Items from a data source:
______________________________

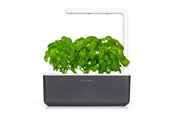 Dekorasjon - Click & Grow - Smart Garden 3 Startkit - dark grey (SGS8UNI) - SGS8UNI
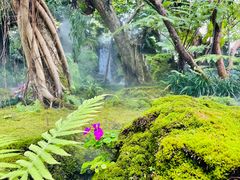 -Chom Cafe and Restaurant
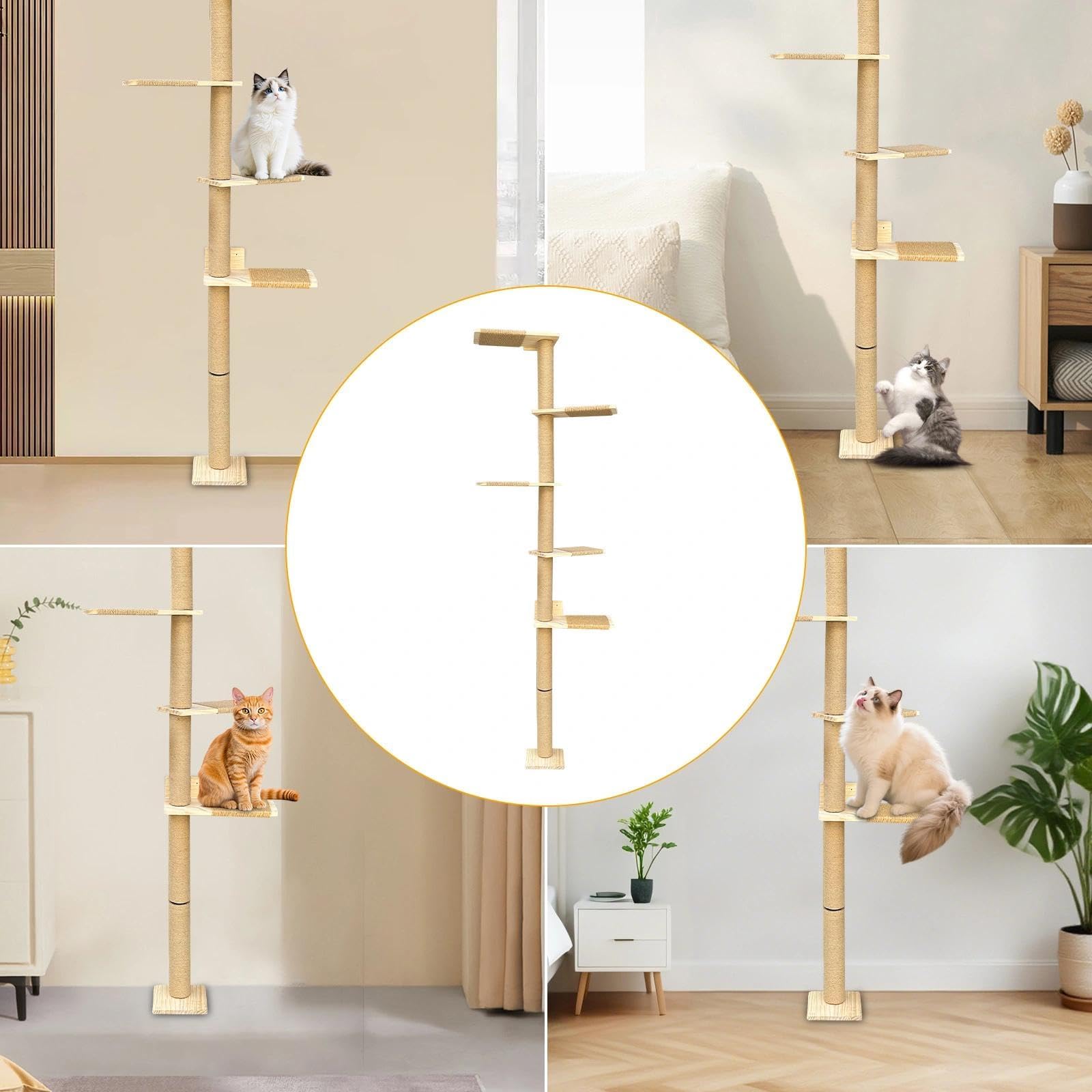 Rascador para Gatos de Poste, Árbol para Gatos, Torre de 5 Niveles hasta el Techo (205 cm), Montado en la Pared, con Corda di Sisal Naturale, para Trepar, Rasguñar y Jugar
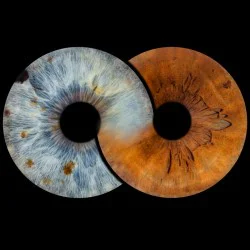 Превърнете вашите очи в уникална картина с ирисова фотография на два ириса в Пловдив в рамка Превърнете вашите очи в уникална картина с ирисова фотография на два ириса в Пловдив в рамка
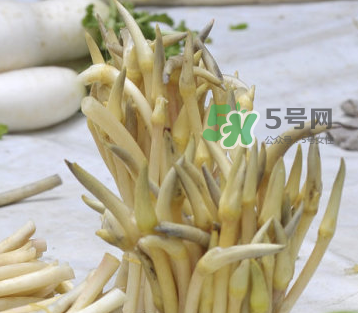 2017年藕帶什么時候下市？藕帶下市時間是幾月？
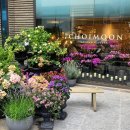 플라워 팔레트 이미지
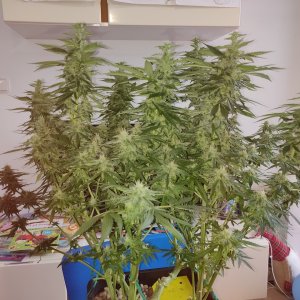 GG Day 40 of flower - before defoliation 1.jpg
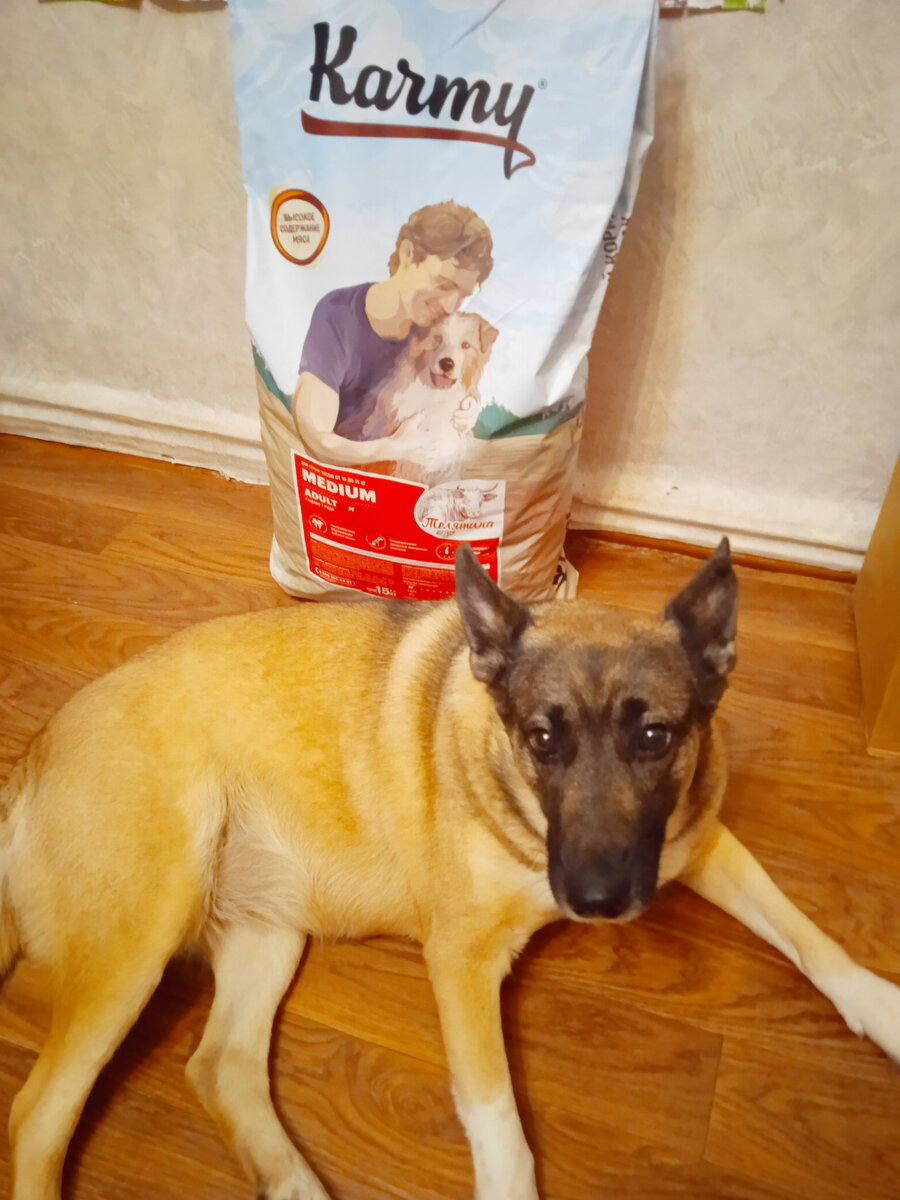 Тайруша охраняет то, что ей очень дорого)) Фото автора канала 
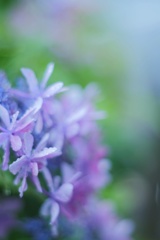 額紫陽花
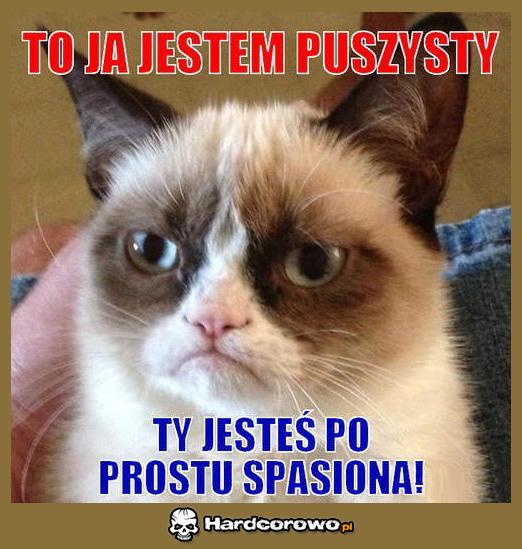 Puszysty - 1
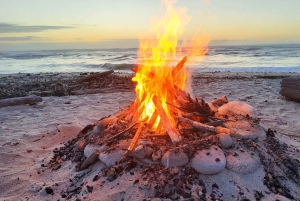 Nieuw-Zeeland: 17-daagse rondreis met gids op het Zuidereiland met kamperen
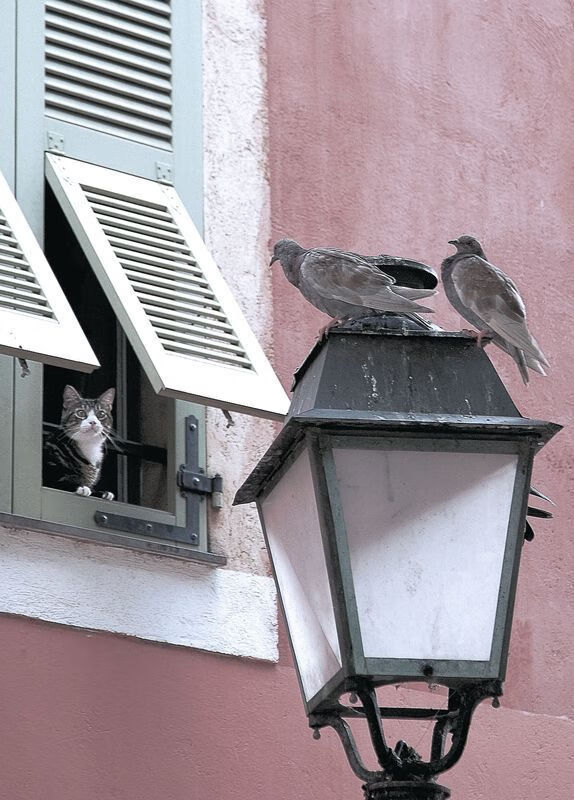 梅西的杀伤力与尼斯的丹麦节奏,足球世界的双重奏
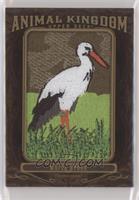 White Stork 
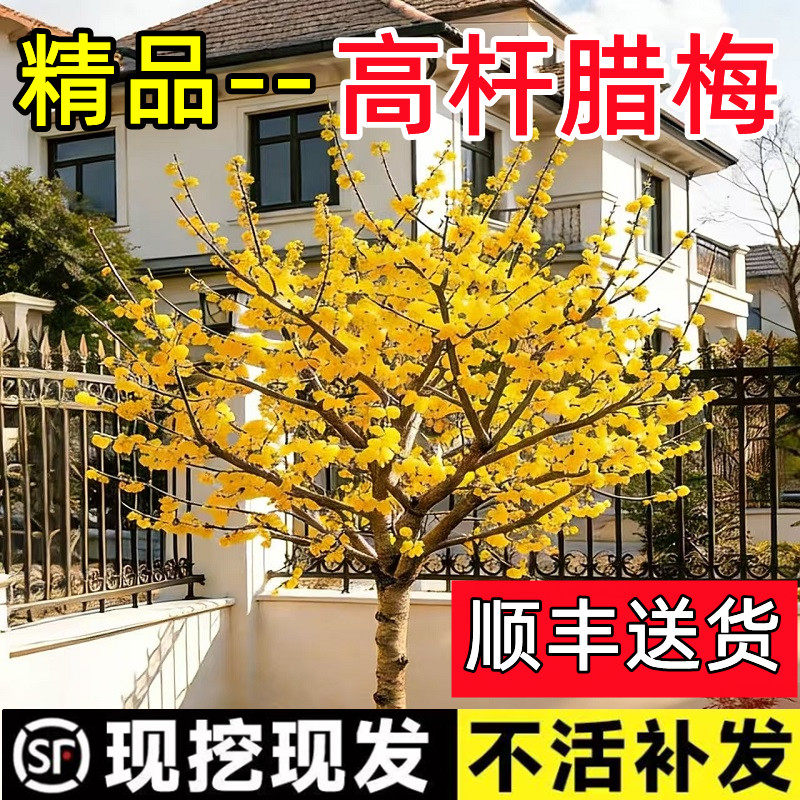 腊梅花树苗高杆素心腊梅树带花苞地栽盆栽老桩浓香型原生红梅树苗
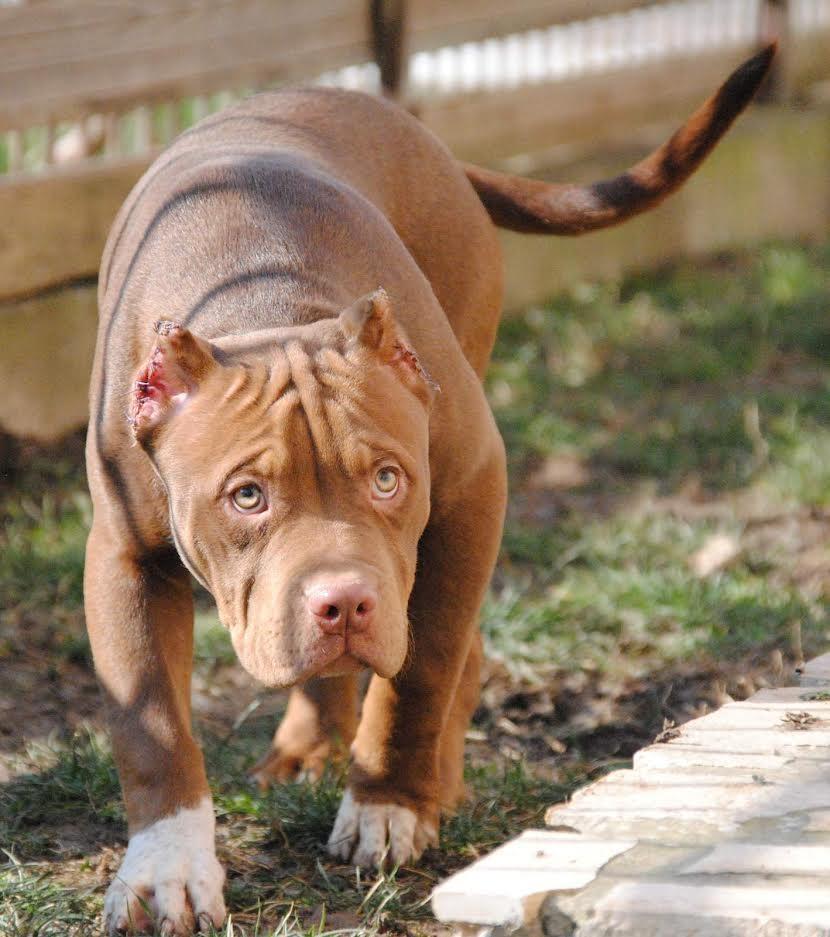American-bully-xl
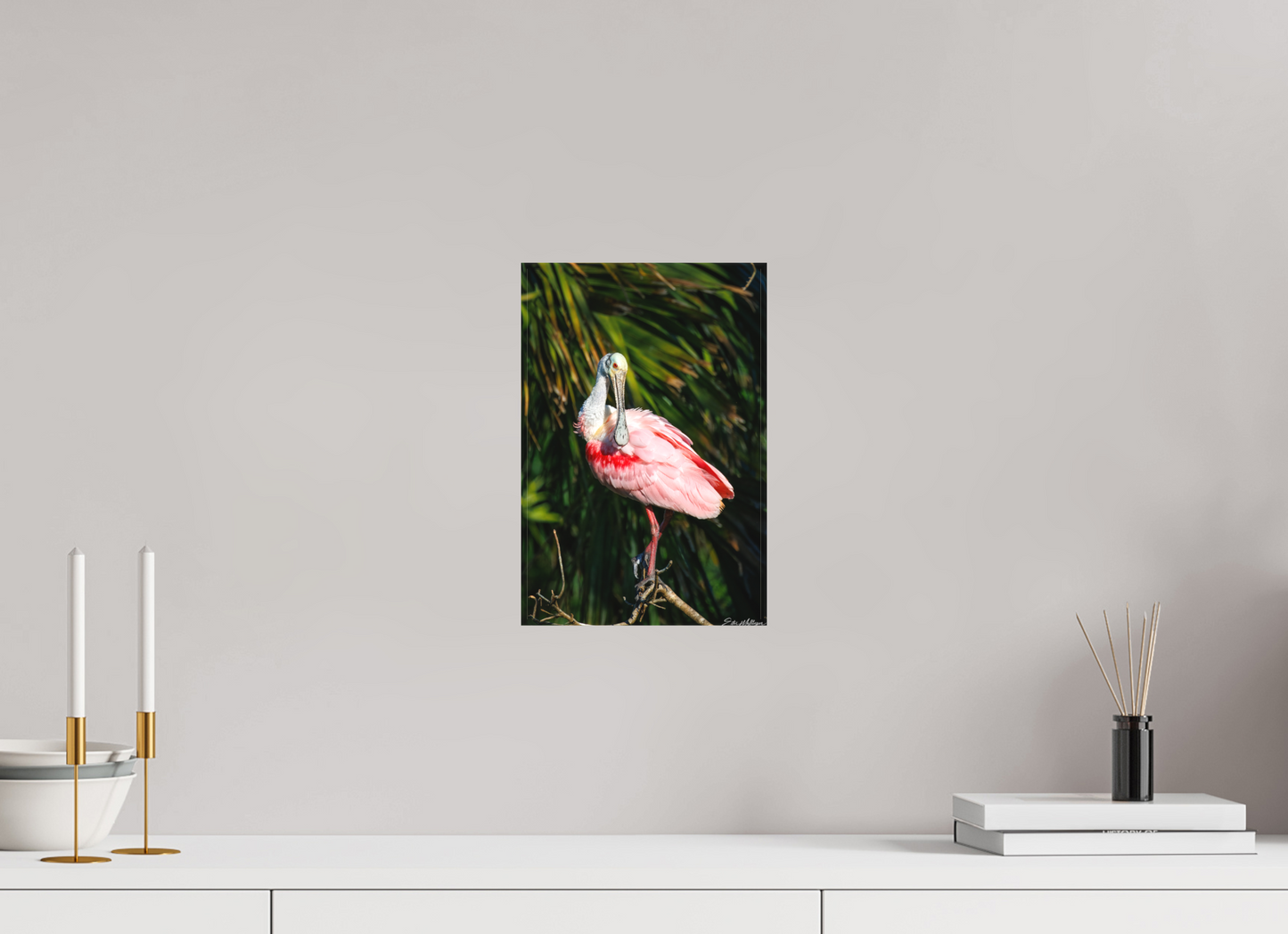 8 x 12″, Canvas "Blush of the Wetlands" - Roseate Spoonbill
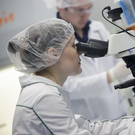 В Татарстане изобрели способ лечить инфицированные переломы – аналогов в России нет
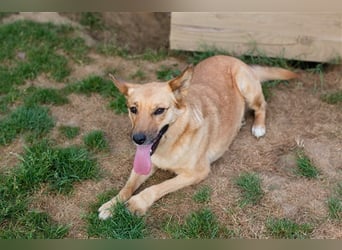 Butterfly – Bereit für die Metamorphose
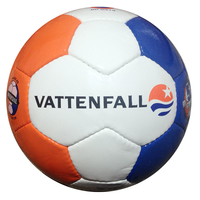 Soccer ball 30 panel classic design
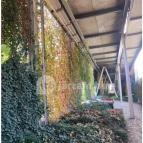 Széllkapu Park Budapest - Egyéb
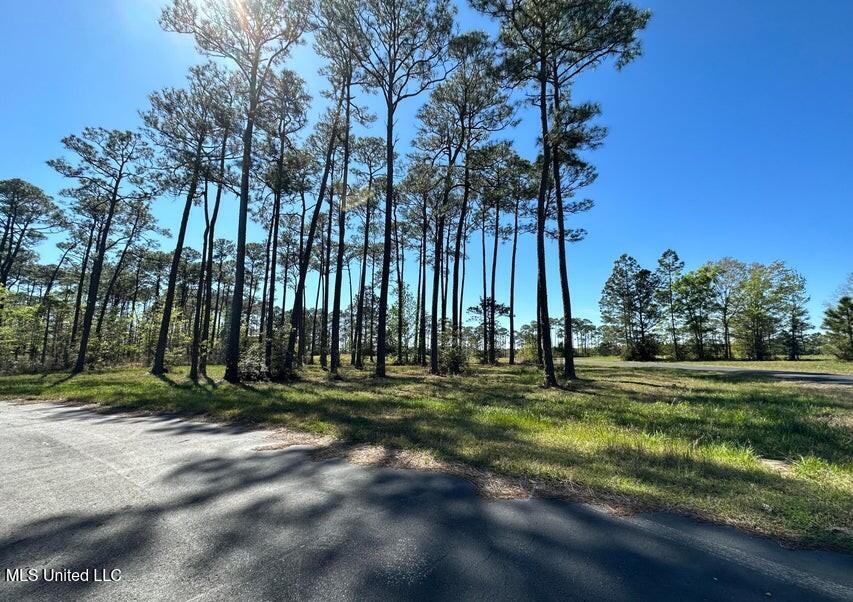 Hummingbird Lane Biloxi, MS 39532 - Photo 4 of 9 20230315234410820056000000-o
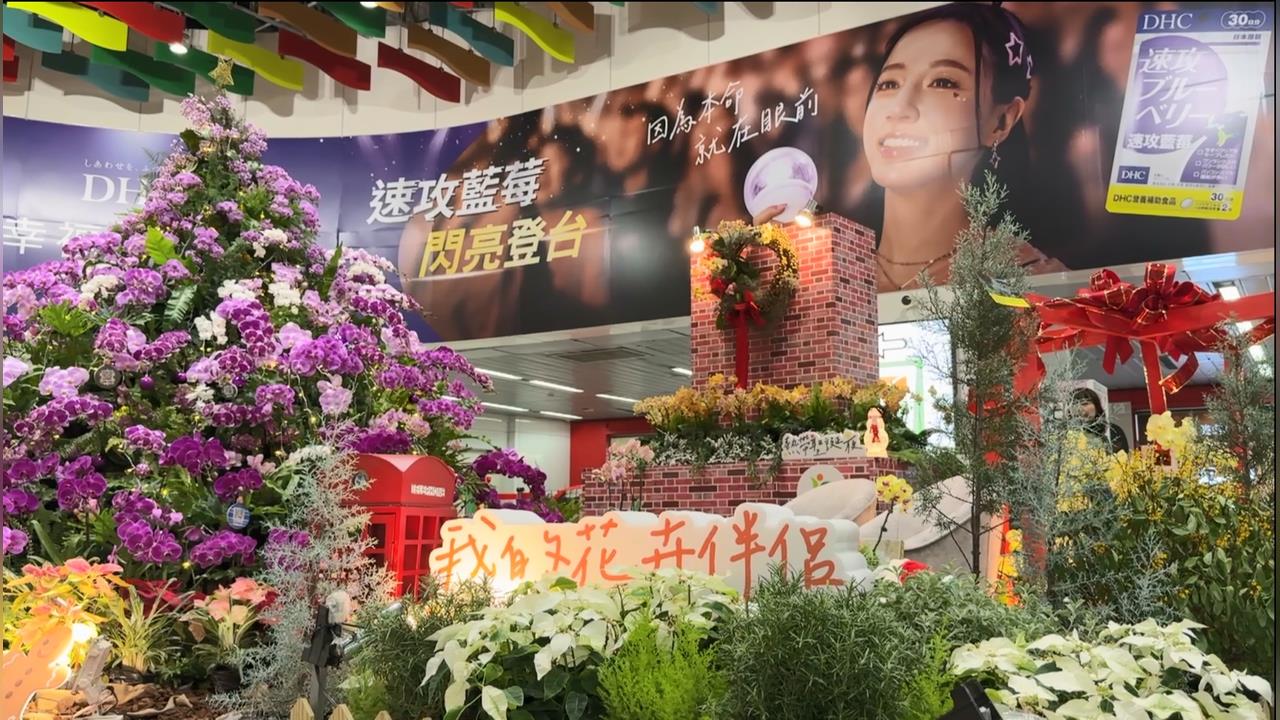 高捷「蘭花堆成耶誕樹造型」引熱議　民眾：搭配起來像靈堂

______________________________

HOW TO COMPLETE THIS TASK:
Please copy the records above word for word, omitting every picture.

TASK SOLUTION:
 Dekorasjon - Click & Grow - Smart Garden 3 Startkit - dark grey (SGS8UNI) - SGS8UNI
 -Chom Cafe and Restaurant
 Rascador para Gatos de Poste, Árbol para Gatos, Torre de 5 Niveles hasta el Techo (205 cm), Montado en la Pared, con Corda di Sisal Naturale, para Trepar, Rasguñar y Jugar
 Превърнете вашите очи в уникална картина с ирисова фотография на два ириса в Пловдив в рамка Превърнете вашите очи в уникална картина с ирисова фотография на два ириса в Пловдив в рамка
 2017年藕帶什么時候下市？藕帶下市時間是幾月？
 플라워 팔레트 이미지
 GG Day 40 of flower - before defoliation 1.jpg
 Тайруша охраняет то, что ей очень дорого)) Фото автора канала 
 額紫陽花
 Puszysty - 1
 Nieuw-Zeeland: 17-daagse rondreis met gids op het Zuidereiland met kamperen
 梅西的杀伤力与尼斯的丹麦节奏,足球世界的双重奏
 White Stork 
 腊梅花树苗高杆素心腊梅树带花苞地栽盆栽老桩浓香型原生红梅树苗
American-bully-xl
 8 x 12″, Canvas "Blush of the Wetlands" - Roseate Spoonbill
 В Татарстане изобрели способ лечить инфицированные переломы – аналогов в России нет
 Butterfly – Bereit für die Metamorphose
 Soccer ball 30 panel classic design
 Széllkapu Park Budapest - Egyéb
 Hummingbird Lane Biloxi, MS 39532 - Photo 4 of 9 20230315234410820056000000-o
 高捷「蘭花堆成耶誕樹造型」引熱議　民眾：搭配起來像靈堂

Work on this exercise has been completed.